• _Problem details_
Reproduce the entries below exactly, but only from the line containing "Miniatura 9 de" to the line containing "Reduce effort icon of operation efficiency", inclusive.

• _Exercise materials_
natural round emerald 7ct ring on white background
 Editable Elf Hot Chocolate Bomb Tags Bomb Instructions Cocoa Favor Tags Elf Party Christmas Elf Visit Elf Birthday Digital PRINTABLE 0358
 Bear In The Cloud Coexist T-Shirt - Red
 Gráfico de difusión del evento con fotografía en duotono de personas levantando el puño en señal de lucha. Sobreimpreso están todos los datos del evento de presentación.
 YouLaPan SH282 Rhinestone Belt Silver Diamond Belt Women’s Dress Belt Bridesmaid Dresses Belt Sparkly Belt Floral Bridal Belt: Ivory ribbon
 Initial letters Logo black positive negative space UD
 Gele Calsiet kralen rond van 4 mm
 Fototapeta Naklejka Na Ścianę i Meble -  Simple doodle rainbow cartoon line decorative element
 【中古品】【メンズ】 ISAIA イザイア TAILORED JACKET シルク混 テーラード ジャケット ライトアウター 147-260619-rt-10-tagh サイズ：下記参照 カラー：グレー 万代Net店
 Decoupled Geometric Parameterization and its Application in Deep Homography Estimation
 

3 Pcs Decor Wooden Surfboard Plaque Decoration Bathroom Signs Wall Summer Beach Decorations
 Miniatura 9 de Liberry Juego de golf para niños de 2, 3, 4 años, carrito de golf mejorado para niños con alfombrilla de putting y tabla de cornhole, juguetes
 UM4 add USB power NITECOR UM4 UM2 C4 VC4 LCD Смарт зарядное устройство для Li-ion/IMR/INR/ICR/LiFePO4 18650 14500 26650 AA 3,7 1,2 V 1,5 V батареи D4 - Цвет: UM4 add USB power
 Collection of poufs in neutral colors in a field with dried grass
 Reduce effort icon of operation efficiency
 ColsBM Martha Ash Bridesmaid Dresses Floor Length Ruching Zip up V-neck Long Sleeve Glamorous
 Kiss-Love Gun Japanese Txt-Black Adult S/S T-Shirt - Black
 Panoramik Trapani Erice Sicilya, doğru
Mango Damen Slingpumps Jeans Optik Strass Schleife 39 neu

• _Task response_
 Miniatura 9 de Liberry Juego de golf para niños de 2, 3, 4 años, carrito de golf mejorado para niños con alfombrilla de putting y tabla de cornhole, juguetes
 UM4 add USB power NITECOR UM4 UM2 C4 VC4 LCD Смарт зарядное устройство для Li-ion/IMR/INR/ICR/LiFePO4 18650 14500 26650 AA 3,7 1,2 V 1,5 V батареи D4 - Цвет: UM4 add USB power
 Collection of poufs in neutral colors in a field with dried grass
 Reduce effort icon of operation efficiency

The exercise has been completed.